Please give back exactly the line with "Blue floral tile Wallpaper" and each line after it through the end of the material, leaving out the pictures.

= = = =

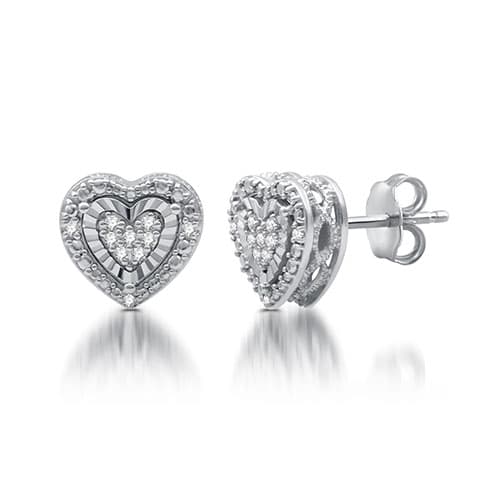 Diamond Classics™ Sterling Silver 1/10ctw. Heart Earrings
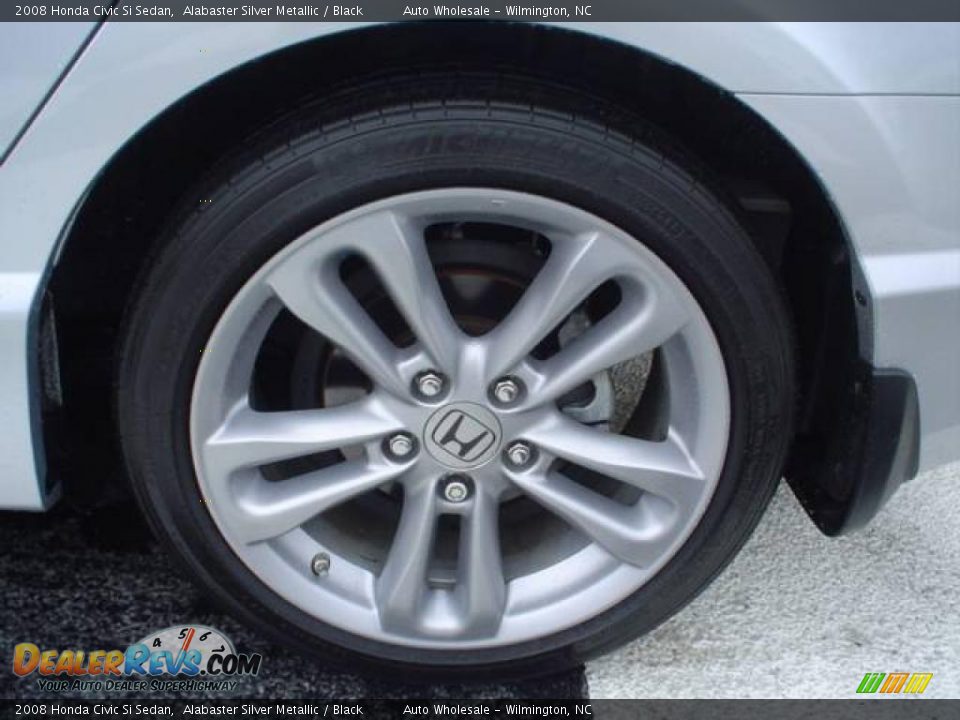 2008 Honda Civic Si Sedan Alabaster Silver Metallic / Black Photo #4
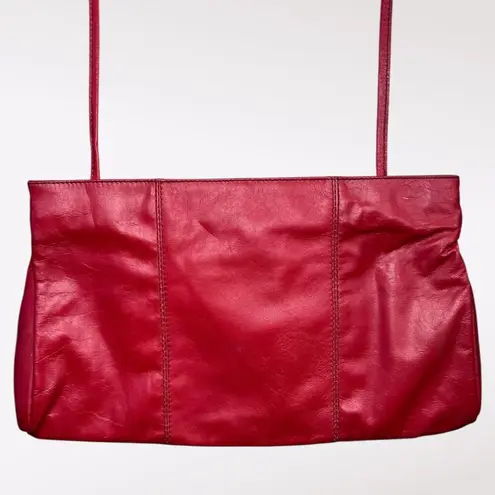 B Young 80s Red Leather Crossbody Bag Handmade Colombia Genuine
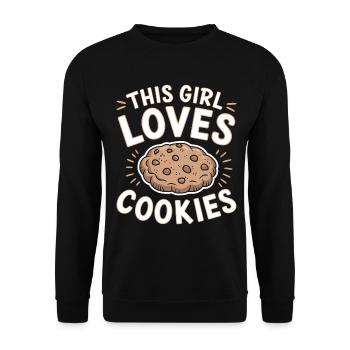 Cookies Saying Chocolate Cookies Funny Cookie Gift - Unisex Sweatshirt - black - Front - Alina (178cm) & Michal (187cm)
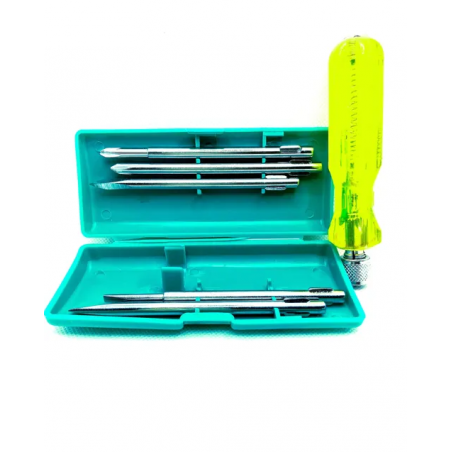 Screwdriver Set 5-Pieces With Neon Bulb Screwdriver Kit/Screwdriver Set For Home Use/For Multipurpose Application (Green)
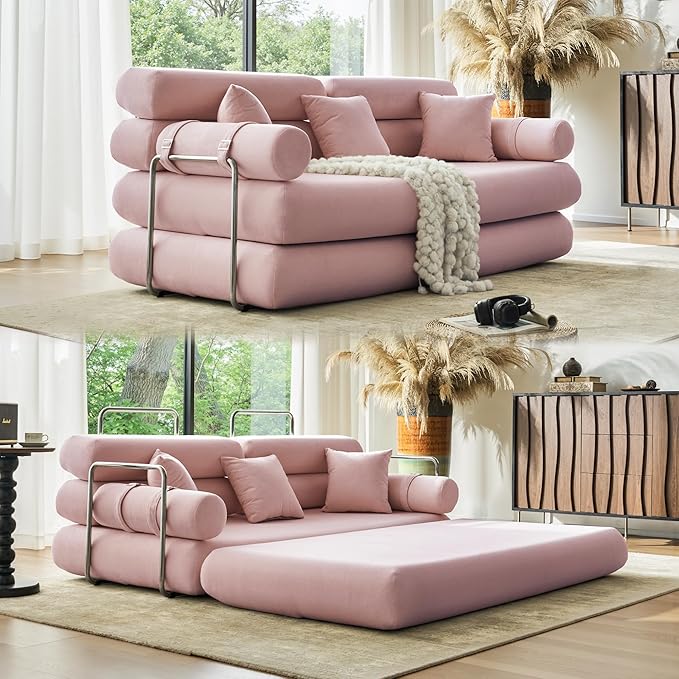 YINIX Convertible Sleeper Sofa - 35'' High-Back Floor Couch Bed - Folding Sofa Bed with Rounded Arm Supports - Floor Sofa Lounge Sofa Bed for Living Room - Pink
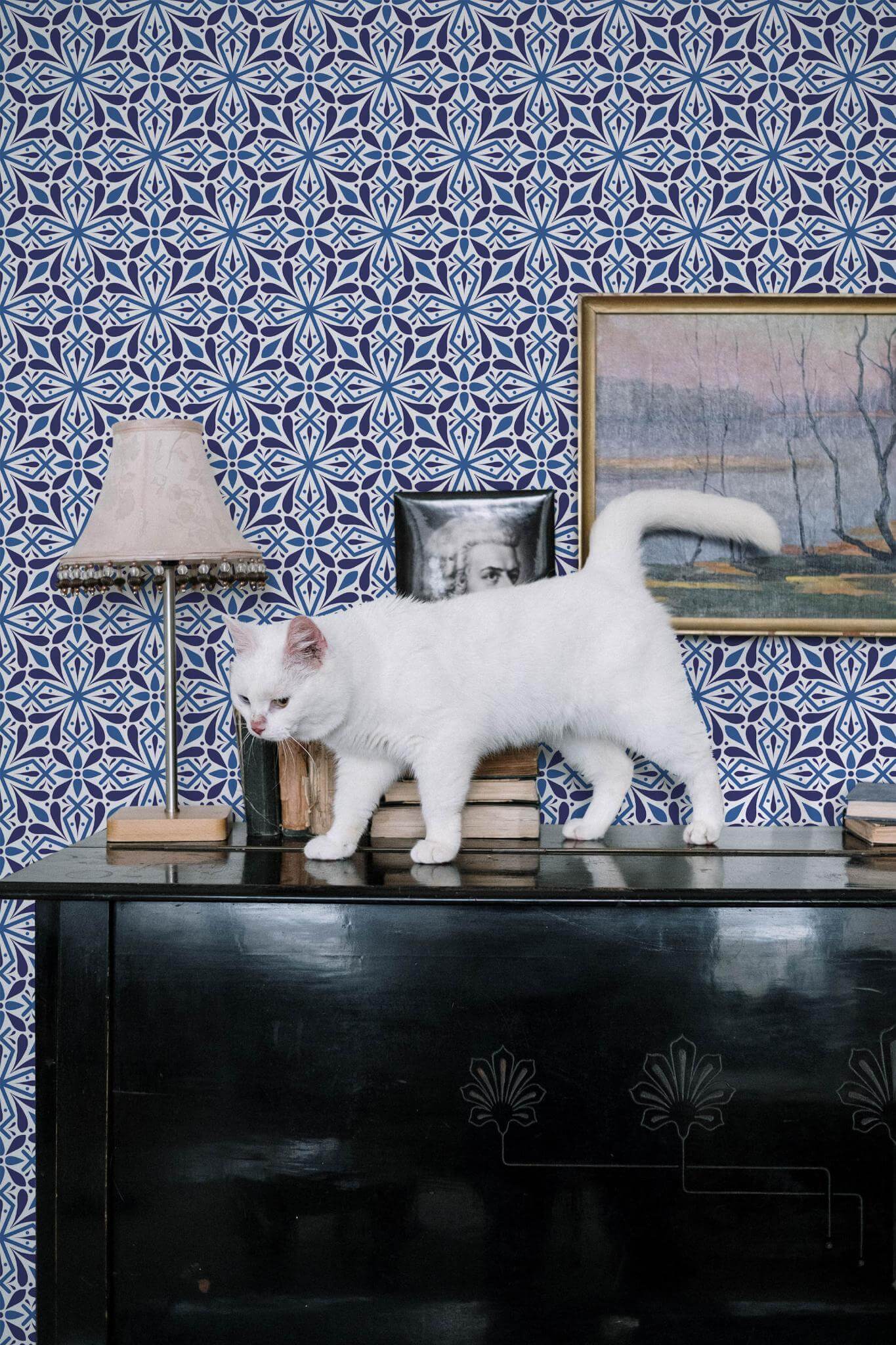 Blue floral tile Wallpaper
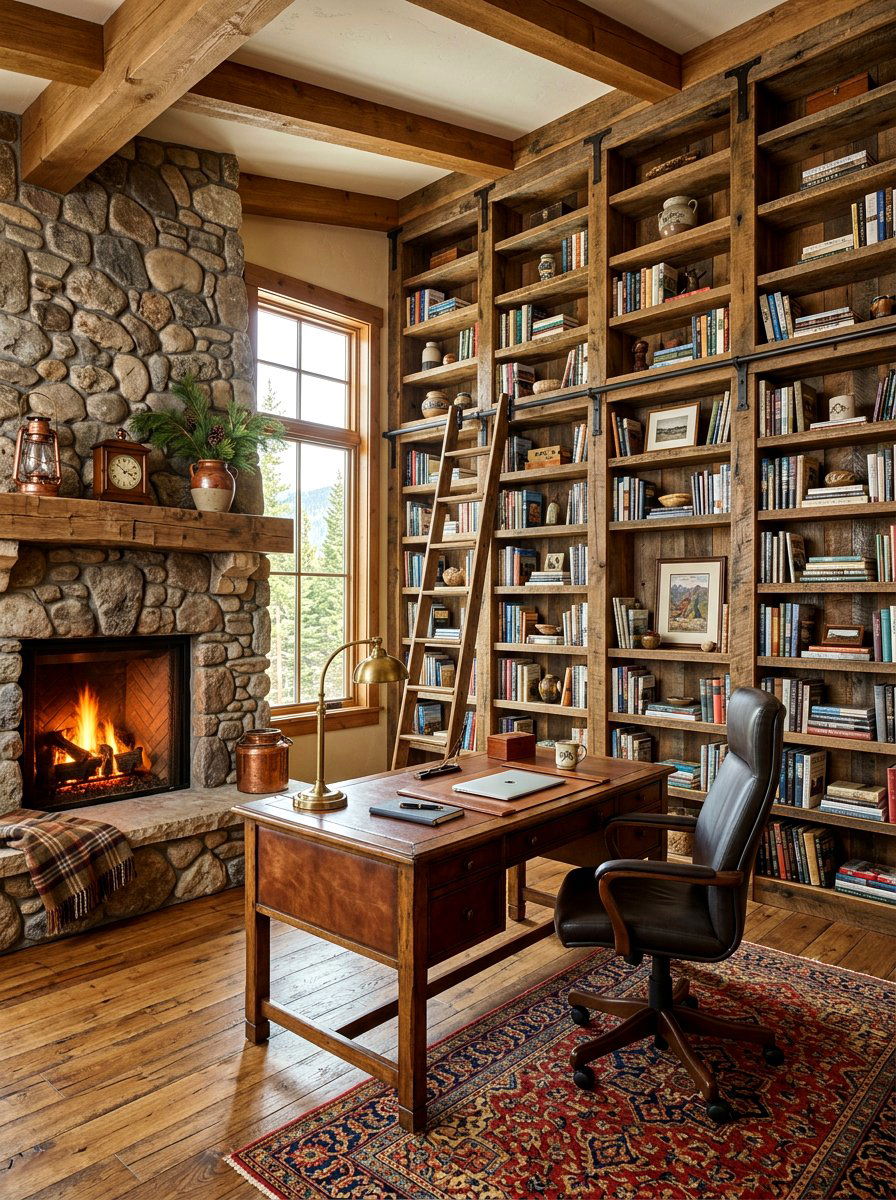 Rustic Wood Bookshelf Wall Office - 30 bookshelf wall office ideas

= = = =

* **Answer to this exercise**
 Blue floral tile Wallpaper
 Rustic Wood Bookshelf Wall Office - 30 bookshelf wall office ideas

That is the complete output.